As part of my summer reading, I've been tackling chapters from the sixth edition of Theoretical Models and Processes of Reading (ILA, 2013), edited by Donna Alderman, Norman Unrau, and Robert Ruddell. The material is dense but fascinating. One chapter, Phases of Word Learning: Implications for Instruction With Delayed and Disabled Readers, is a favorite because it speaks to my current interest in how specific types of spelling instruction help struggling students become better readers. Authored by Linnea Ehri and Sandra McCormick, the chapter spends some time describing and explaining what the spelling-reading connection is and provides clues as to how we might use knowledge of this connection to help struggling readers.
According to Ehri and McCormick, any word encountered by a mature reader can be read in one of four ways: by decoding, by predicting, by analogy, and by sight.They also say that our goal as teachers is to enable students to read words in each (and every) one of these four ways. I agree. Carefully crafted spelling instruction can help us reach this goal, especially when it comes to reading by decoding, analogy, and sight. What exactly reading by sight is and how it connects to spelling is an especially absorbing and interesting topic, and this will be the focus of my next blog. Stay tuned! For now, however, I’ll say a bit about the connections between spelling and reading by decoding and analogy.
Decoding and its connection to spelling
A decoding or word attack strategy enables a reader to read unfamiliar words. At its most basic level, decoding involves looking at letters, knowing their sounds, holding and blending those sounds in your mind, and then saying them in pronunciations that are recognized as real words. Now think about how spelling (encoding) works at its most basic level. It's the same thing, but in reverse. We teach students to say a word and “stretch it out to hear the sounds." Then we ask them to assign letters they know to the sounds they hear. Finally, we teach them to check their spelling by “reading through the word” to see if the letters they have written (and the sounds the letters make) blend back together to form the word they meant to write.
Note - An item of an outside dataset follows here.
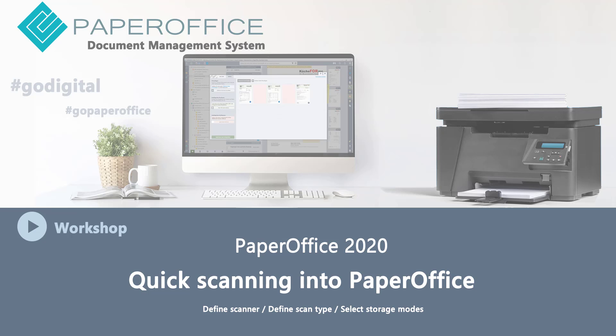Hello and welcome to our new workshop. In this workshop, we will show you the fastest way to scan paper documents into PaperOffice.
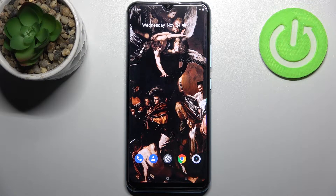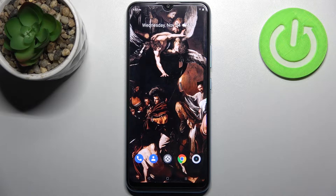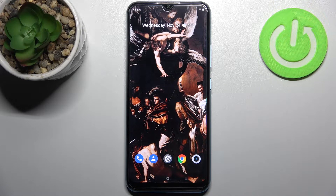Here I have the Realme C25Y, and today I'm going to show you how to set up the gesture navigation bar on this device.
More advanced alphabetic knowledge is put into play when readers engage in more advanced decoding. For example, in advanced decoding readers recognize clusters of letters (gl, dr, tch, dge, er), affixes (pre, sub, ment, ful, ly), syllables (De, cem, ber), and spelling patterns (int, eed, oy, oint). Each of these clusters is paired with a cluster of individual sounds that are thought of as a whole. Once again, think about spelling instruction. In spelling, we ask children to think about a word part, syllable, or word family. Each family that is said, such as /ait/, is then paired with possible spellings, such as A-I-T, A-T-E, or E-I-G-H-T. Through spelling instruction we giving children the opportunity to understand how decoding works and we do it from the opposite end, so to speak. In effect, encoding becomes decoding and spelling becomes reading.
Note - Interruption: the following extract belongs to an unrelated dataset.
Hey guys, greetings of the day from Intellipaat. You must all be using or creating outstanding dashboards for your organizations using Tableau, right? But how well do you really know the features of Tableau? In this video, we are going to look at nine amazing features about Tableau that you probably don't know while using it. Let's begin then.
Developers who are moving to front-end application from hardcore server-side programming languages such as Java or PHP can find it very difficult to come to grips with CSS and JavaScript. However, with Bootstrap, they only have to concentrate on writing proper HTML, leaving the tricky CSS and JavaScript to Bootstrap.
Analogy and its connection to spelling
Analogy is another way a reader might try to read an unfamiliar word. When a reader reads by analogy, she recognizes how the spelling of an unfamiliar word is similar to a word she already knowns. To read by analogy, a reader accesses in her memory a known word similar to the unknown she is trying to read. Then she changes her pronunciation of the known word to accommodate the new word. Consider the word dariole. If you used your knowledge of the word oriole to help you pronounce the new word, then you were reading by analogy. Student readers might not know the word cigarillo, but if they recognize the word cigar and think of the word brillo, they can use the strategies of sight and analogy to come up with the new word. By the way, a dariole (noun) is a French cooking term. It is a small, metal, flowerpot-shaped mold in which an individual portion is cooked and served.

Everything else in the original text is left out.